The Fed stipulates that everything is sort of controlled by the path of the virus and that it’s impossible to give a specific timeline for how long these economic impacts might continue. The Committee chose to leave short-term interest rates in a range between 0% – 0.25%. While there’s not a 1:1 relationship between these short-term rates and the longer-term ones for things like mortgages, it’s fair to say they tend to move in the same direction.

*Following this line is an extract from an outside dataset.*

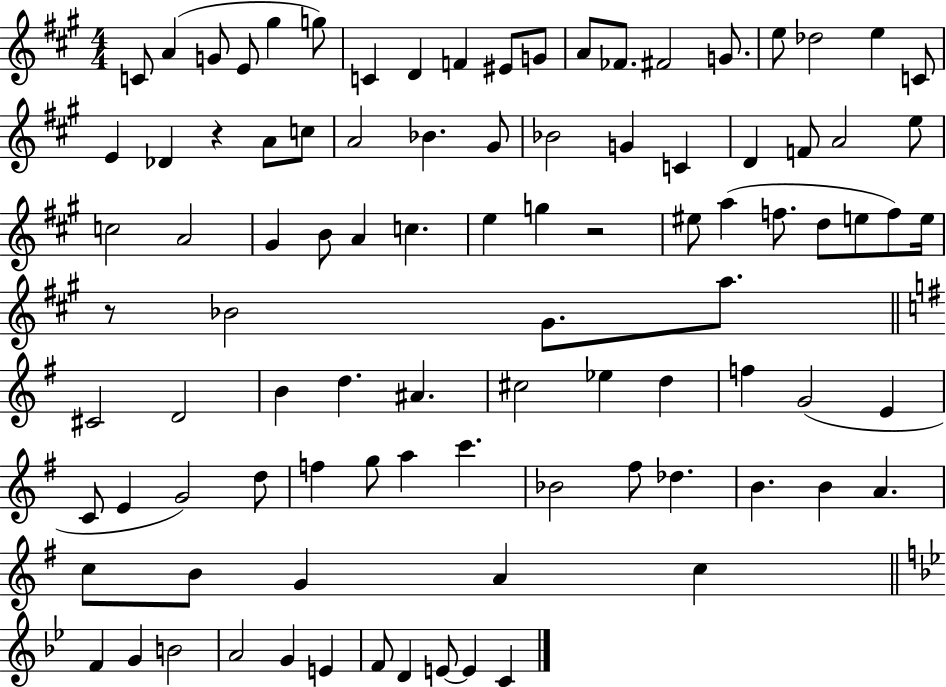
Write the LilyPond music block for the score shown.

The Committee will continue to monitor the implications of incoming information for the economic outlook, including information related to public health, as well as global developments and muted inflation pressures, and will use its tools and act as appropriate to support the economy. In determining the timing and size of future adjustments to the stance of monetary policy, the Committee will assess realized and expected economic conditions relative to its maximum employment objective and its symmetric 2 percent inflation objective. This assessment will take into account a wide range of information, including measures of labor market conditions, indicators of inflation pressures and inflation expectations, and readings on financial and international developments. To support the flow of credit to households and businesses, the Federal Reserve will continue to purchase Treasury securities and agency residential and commercial mortgage-backed securities in the amounts needed to support smooth market functioning, thereby fostering effective transmission of monetary policy to broader financial conditions. In addition, the Open Market Desk will continue to offer large-scale overnight and term repurchase agreement operations. The Committee will closely monitor market conditions and is prepared to adjust its plans as appropriate.

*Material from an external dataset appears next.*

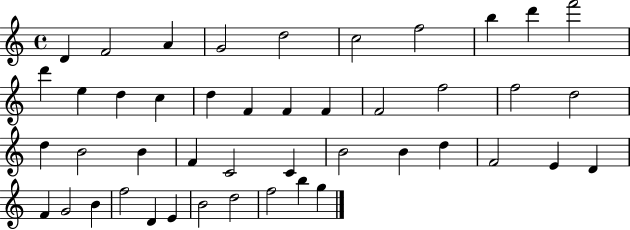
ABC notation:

This paragraph is a lot to digest, so let’s break it down carefully. The Committee begins by outlining what it looks at when assessing the health of the economy. Most of this is pretty standard: labor market conditions, where inflation is as well as the direction it’s expected to take in the future, and developments in other global economies. What’s different is an emphasis on looking at health data and the trajectory of the virus. In a similar way to how the virus has affected the rest of us, this puts the Fed in somewhat uncharted territory.

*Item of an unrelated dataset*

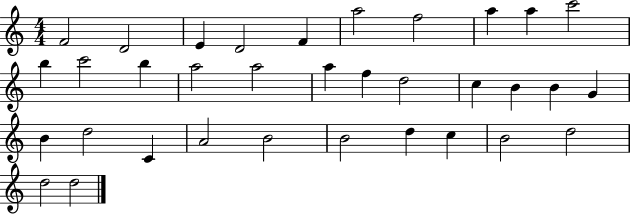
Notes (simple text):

F4/h D4/h E4/q D4/h F4/q A5/h F5/h A5/q A5/q C6/h B5/q C6/h B5/q A5/h A5/h A5/q F5/q D5/h C5/q B4/q B4/q G4/q B4/q D5/h C4/q A4/h B4/h B4/h D5/q C5/q B4/h D5/h D5/h D5/h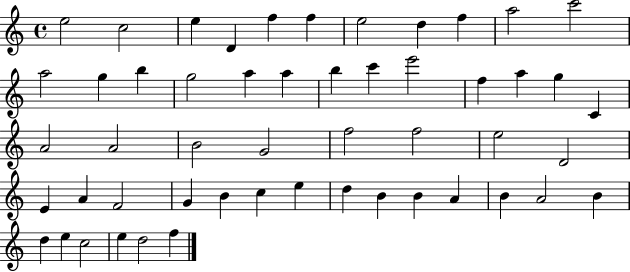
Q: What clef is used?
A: treble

The Committee also takes a second to outline the arsenal of tools it’s using to battle the economic fallout from the virus. Among those listed, it’s buying plenty of mortgage-backed securities. This is a particular boon if you like low mortgage rates. When a buyer like the Fed steps in to the market and buys large amounts of MBS, that means the yield on the security doesn’t have to be as high in order to attract a buyer, which has the effect of keeping rates low. The commentary on overnight lending and repurchase agreements is a little bit in the weeds, but it has the effect of making access to credit and lending easier by providing more liquidity in the market.
Voting for the monetary policy action were Jerome H. Powell, Chair; John C. Williams, Vice Chair; Michelle W. Bowman; Lael Brainard; Richard H. Clarida; Patrick Harker; Robert S. Kaplan; Neel Kashkari; Loretta J. Mester; and Randal K. Quarles.
The voting members of the FOMC all agreed on this policy direction.